Gastos crescentes das operadoras não fecham a conta
Diante deste quadro, a entidade chama atenção para o fato de que o índice de reajuste de 13,55%, definido pela ANS para este ano, não cobre os gastos crescentes das operadoras. Segundo levantamento da própria FenaSaúde, 19,17% foi o percentual de despesa assistencial de cada beneficiário.
Os gastos com o serviço de ressonância magnética, por exemplo, podem ilustrar melhor esta conta. O exame, segundo levantamento da FenaSaúde, apontou, em média, variação de 20% no preço, passando de R$ 485 para R$ 581, entre setembro de 2015 e o mesmo mês de 2016, ao mesmo tempo que aumentou o número de testes realizados: 8,8% no ano passado, na comparação com 2015. Nesse caso, o aumento da despesa com esse exame foi da ordem de 30,4%. Trata-se, portanto, de uma relação com a quantidade utilizada e não somente com a variação de preço, demonstra Solange Beatriz.
Outro exemplo disso é o teste ergométrico computadorizado, com preços em média de R$ 241,26. No ano passado, foram feitos cerca de 3,5 milhões de exames. Esse aumento de apenas 1% em comparação com 2015 – 38 mil exames – resultou em um custo estimado de R$ 9 milhões nas despesas das operadoras.
Os tratamentos quimioterápicos tiveram, em média, variação de 21% no preço entre setembro de 2015 e o mesmo mês de 2016, saltando de R$ 5 mil para mais de R$ 6 mil, no mesmo período. Já o equipo bomba de infusão, material usado em ambulâncias e UTIs, custava, em 2007, R$ 145,04, e em dezembro de 2015, o valor subiu para R$ 1.150,41, um aumento de 693,2%.
Para Josier Vilar, presidente do Conselho Empresarial de Medicina e Saúde da Associação Comercial do Rio de Janeiro, a inflação dos custos do segmento está desalinhada com a inflação geral, e torna-se um grande risco para a Saúde Suplementar no Brasil.
– Os pagadores de planos de saúde não vão suportar reajustes tão altos em curto prazo. Não há como repassarmos despesas sem tentar modificar as suas causas. O modelo para gerar receitas se esgotou. O país envelhece e as demandas por serviços de saúde crescem.
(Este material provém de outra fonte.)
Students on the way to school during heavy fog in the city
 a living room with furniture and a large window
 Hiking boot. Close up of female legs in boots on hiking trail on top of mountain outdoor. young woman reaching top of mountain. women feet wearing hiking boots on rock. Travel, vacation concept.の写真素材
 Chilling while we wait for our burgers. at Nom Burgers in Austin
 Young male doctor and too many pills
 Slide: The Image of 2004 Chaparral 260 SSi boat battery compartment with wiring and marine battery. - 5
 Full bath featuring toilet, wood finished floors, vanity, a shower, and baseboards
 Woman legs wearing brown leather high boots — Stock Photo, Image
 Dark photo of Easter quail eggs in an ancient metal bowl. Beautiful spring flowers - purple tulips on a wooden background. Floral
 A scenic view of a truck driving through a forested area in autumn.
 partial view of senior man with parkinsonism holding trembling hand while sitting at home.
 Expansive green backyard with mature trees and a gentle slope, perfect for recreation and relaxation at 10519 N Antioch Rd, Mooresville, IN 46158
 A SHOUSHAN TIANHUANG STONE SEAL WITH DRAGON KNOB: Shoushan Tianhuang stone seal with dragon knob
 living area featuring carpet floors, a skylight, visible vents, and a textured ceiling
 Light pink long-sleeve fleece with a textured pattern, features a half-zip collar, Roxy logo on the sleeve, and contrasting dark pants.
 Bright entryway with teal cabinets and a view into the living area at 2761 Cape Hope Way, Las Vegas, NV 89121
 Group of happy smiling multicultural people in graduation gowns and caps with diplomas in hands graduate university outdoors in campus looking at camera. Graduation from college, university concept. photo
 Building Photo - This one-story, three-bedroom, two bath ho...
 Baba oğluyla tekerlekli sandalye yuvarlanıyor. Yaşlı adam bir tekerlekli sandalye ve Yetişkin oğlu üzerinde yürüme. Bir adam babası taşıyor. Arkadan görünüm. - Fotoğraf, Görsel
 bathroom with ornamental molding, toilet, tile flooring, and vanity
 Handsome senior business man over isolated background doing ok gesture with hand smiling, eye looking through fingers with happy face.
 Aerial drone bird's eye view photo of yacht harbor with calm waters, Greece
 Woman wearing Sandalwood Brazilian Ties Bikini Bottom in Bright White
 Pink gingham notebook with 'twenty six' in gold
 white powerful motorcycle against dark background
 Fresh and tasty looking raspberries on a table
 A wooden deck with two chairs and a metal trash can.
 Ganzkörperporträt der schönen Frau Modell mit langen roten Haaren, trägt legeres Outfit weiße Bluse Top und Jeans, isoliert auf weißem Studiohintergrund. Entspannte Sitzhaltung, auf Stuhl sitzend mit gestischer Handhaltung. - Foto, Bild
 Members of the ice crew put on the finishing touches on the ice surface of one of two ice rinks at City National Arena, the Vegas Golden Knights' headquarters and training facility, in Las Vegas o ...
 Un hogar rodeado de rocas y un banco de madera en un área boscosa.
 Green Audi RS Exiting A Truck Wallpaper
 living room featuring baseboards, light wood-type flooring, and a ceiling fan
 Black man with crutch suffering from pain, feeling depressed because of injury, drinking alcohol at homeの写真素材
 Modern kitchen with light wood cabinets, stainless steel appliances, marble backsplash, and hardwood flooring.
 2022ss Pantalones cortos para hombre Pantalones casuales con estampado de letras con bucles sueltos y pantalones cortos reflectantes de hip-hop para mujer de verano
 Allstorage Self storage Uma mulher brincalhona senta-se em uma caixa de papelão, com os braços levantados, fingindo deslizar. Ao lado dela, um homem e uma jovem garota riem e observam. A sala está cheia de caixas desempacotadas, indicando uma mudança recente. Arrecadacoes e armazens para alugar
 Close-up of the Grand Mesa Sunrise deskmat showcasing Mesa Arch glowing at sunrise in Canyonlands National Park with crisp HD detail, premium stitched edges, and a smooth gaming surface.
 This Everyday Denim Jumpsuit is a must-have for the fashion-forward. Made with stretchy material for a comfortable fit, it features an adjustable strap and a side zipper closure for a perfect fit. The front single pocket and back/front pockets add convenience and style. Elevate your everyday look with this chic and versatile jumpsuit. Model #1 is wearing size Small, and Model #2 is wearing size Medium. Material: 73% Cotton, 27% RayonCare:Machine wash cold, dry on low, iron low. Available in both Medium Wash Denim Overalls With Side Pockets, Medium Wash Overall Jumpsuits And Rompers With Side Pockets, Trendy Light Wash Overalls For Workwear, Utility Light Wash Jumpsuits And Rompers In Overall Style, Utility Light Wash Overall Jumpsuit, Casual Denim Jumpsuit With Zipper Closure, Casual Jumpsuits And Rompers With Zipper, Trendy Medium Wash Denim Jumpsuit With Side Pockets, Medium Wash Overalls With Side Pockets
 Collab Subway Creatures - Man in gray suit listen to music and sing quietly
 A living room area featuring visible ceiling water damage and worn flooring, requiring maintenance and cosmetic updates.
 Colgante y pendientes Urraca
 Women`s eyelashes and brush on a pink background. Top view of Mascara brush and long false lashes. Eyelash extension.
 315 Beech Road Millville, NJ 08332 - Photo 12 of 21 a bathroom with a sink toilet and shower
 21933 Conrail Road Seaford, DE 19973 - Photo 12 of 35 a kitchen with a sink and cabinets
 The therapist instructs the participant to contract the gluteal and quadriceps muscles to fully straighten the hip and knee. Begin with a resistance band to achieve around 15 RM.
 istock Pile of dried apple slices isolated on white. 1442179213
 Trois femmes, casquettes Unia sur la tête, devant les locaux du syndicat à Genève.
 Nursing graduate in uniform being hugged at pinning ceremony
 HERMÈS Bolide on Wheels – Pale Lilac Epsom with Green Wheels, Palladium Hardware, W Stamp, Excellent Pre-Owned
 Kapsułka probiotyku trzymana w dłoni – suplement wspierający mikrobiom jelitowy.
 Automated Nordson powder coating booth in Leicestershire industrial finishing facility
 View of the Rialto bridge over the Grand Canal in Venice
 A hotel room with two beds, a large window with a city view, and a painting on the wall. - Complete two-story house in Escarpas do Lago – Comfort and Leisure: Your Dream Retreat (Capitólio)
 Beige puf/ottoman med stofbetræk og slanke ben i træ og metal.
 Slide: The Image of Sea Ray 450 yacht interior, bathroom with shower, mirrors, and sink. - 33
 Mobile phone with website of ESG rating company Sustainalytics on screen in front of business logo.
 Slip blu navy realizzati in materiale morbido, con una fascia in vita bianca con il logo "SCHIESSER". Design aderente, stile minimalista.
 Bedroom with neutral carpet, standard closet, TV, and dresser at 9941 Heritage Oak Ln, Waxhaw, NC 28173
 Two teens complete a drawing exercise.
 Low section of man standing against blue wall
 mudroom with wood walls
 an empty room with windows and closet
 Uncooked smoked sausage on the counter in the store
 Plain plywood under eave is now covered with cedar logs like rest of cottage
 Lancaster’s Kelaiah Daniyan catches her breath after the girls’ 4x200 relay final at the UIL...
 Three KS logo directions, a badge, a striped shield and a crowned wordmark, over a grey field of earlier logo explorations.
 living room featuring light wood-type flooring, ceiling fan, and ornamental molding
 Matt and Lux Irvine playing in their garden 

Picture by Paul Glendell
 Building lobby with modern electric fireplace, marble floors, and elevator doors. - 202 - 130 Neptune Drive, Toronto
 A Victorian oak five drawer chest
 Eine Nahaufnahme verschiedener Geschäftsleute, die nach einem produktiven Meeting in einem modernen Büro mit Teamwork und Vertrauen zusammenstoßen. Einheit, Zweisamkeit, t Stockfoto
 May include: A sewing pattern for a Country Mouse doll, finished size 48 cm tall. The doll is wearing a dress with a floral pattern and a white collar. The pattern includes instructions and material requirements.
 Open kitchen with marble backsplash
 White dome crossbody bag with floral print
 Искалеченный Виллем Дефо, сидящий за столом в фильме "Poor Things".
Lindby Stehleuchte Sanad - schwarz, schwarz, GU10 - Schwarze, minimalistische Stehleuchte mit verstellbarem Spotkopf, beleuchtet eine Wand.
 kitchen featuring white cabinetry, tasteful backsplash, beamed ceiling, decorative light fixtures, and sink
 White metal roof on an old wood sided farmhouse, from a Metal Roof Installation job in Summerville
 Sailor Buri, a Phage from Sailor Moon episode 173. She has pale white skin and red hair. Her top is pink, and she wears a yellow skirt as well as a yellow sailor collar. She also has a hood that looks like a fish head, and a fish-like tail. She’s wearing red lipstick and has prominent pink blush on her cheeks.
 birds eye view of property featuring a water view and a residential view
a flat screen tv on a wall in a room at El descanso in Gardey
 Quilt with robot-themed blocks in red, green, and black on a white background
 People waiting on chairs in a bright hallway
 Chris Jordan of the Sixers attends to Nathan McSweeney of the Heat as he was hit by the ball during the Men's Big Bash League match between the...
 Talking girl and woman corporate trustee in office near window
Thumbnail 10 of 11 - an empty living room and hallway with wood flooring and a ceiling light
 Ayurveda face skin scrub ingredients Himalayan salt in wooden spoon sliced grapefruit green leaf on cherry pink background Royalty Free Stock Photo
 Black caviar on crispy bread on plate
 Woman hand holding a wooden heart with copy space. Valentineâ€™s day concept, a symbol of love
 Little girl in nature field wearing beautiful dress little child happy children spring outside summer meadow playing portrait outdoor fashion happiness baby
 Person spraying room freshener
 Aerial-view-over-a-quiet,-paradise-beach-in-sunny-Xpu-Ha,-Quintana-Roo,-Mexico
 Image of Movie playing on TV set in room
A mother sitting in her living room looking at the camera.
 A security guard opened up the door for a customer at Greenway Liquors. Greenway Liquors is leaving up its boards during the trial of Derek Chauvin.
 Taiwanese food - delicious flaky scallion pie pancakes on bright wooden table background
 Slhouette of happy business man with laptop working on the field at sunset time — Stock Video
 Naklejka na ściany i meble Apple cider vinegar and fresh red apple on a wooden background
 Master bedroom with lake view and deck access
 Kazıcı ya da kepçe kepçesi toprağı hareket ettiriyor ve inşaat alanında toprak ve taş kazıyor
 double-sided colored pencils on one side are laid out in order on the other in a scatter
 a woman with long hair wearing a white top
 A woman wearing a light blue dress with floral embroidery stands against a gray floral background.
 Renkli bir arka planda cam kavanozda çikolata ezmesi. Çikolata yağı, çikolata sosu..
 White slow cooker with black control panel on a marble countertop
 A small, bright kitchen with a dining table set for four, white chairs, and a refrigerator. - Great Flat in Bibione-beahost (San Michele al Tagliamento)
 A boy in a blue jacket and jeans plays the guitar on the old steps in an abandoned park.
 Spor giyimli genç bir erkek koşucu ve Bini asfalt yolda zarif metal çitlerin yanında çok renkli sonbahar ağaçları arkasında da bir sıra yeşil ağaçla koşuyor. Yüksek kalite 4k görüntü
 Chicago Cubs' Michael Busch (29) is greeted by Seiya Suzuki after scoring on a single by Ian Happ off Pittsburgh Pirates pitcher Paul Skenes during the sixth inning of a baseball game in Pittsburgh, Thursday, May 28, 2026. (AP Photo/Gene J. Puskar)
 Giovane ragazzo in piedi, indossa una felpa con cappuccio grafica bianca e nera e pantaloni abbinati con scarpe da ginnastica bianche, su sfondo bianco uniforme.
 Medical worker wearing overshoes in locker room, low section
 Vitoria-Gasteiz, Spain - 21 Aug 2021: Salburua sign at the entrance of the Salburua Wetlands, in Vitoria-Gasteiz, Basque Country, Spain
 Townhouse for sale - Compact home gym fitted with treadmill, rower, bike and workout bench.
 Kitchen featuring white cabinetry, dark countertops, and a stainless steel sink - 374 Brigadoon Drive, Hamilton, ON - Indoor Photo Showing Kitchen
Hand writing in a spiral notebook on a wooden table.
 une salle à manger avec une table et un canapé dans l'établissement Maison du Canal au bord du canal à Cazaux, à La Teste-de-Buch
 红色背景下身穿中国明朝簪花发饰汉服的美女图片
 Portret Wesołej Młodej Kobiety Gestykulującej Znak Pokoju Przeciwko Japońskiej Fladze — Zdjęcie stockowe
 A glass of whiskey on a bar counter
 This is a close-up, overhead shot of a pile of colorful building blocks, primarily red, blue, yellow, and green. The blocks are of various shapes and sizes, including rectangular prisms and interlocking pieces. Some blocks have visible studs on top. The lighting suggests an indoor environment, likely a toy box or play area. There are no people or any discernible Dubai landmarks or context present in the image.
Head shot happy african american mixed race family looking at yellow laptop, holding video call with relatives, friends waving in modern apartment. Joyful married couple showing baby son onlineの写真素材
Mutualismo: Contribuição de todos para benefício individual
A falta de rentabilidade, como avalia o economista da PUC-Rio, Luiz Roberto Azevedo Cunha, decorre dos aumentos de custos do setor superiores à inflação geral, que não podem ser absorvidos pelos contratantes de planos de saúde. Para ele, como em todos os tipos de seguros, os planos de saúde devem se basear no mutualismo, sistema que se fundamenta na entidade mútua, na contribuição de todos para benefício individual de cada um dos contribuintes:
– No caso dos planos de saúde, se a maior parte dos participantes for de pessoas com maior risco, como os idosos, por exemplo, não existe esta divisão. Esse é um dos grandes problemas e desafios da saúde suplementar no Brasil. Nas situações de internação, há gastos das operadoras com o cliente como remédios, material hospitalar, remuneração dos profissionais de saúde, custos da internação, exames. Ou seja, uma complexidade de custos específicos do tratamento que distanciam o seguro saúde desse almejado mutualismo.
A ANS fixou em até 13,55% o índice de reajuste para os planos de saúde médico-hospitalares individuais/familiares entre maio de 2017 e abril de 2018. O percentual é válido para os planos de saúde contratados a partir de janeiro de 1999 ou adaptados à Lei nº 9.656/98 e atinge cerca de 8,1 milhões de beneficiários, o que o que representa17% do total de 47,4 milhões de consumidores de planos de assistência médica no Brasil, de acordo com dados referentes a junho de 2017.